→ **DATA SHOWN**
-*-

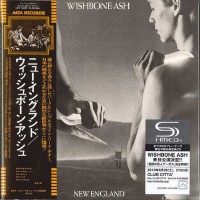 Purchase Wishbone Ash - New England (Japanese Edition)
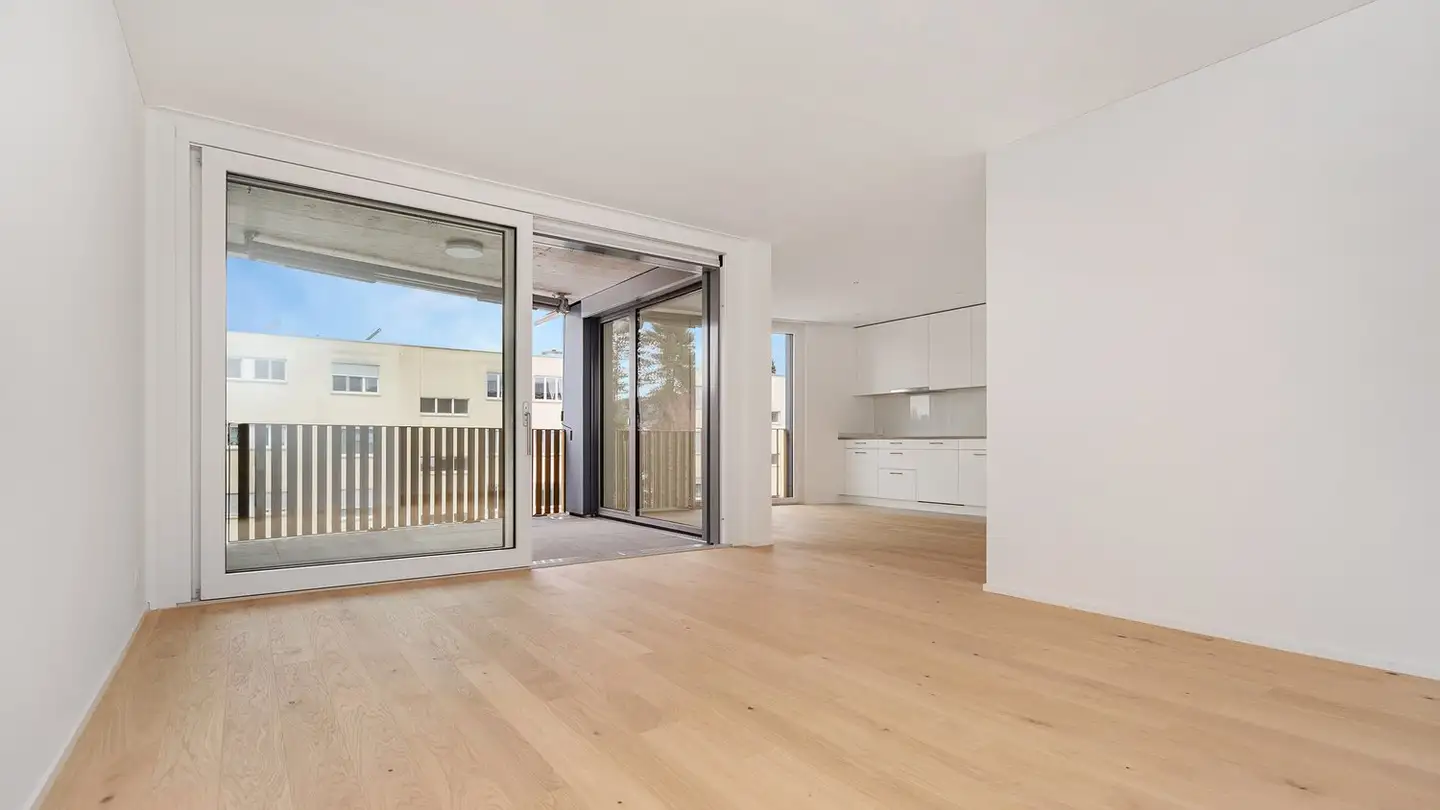 Wohnung mieten - Gartenstrasse 27, 4528 Zuchwil - Foto 2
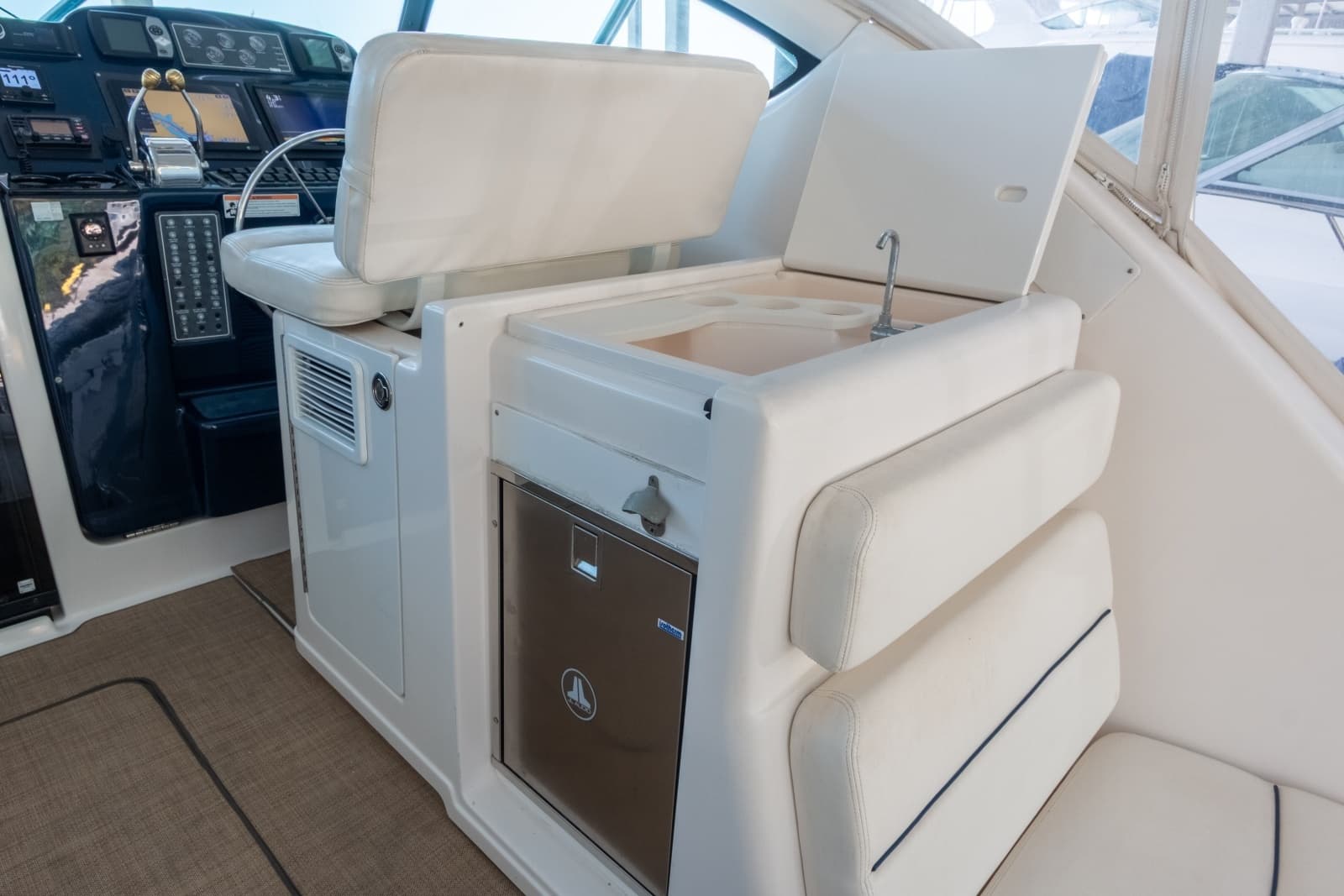 2007 Tiara Yachts 3800 Open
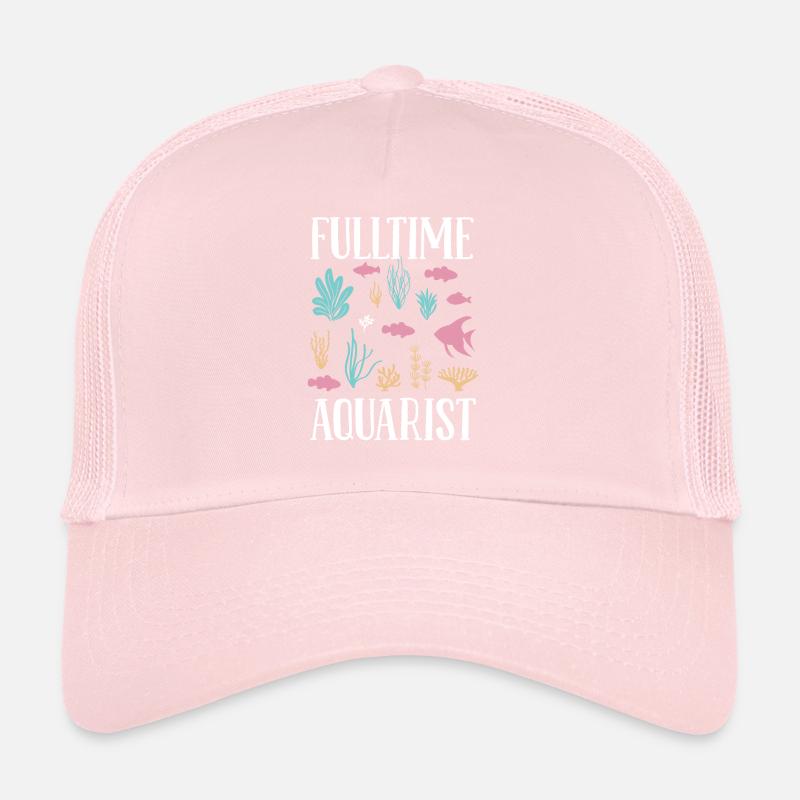 Akvarium Trucker cap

-*-

→ **PROBLEM TO SOLVE**
Once the pictures are set aside, restate the remaining data above exactly.

→ **THE COMPLETED TASK**
 Purchase Wishbone Ash - New England (Japanese Edition)
 Wohnung mieten - Gartenstrasse 27, 4528 Zuchwil - Foto 2
 2007 Tiara Yachts 3800 Open
 Akvarium Trucker cap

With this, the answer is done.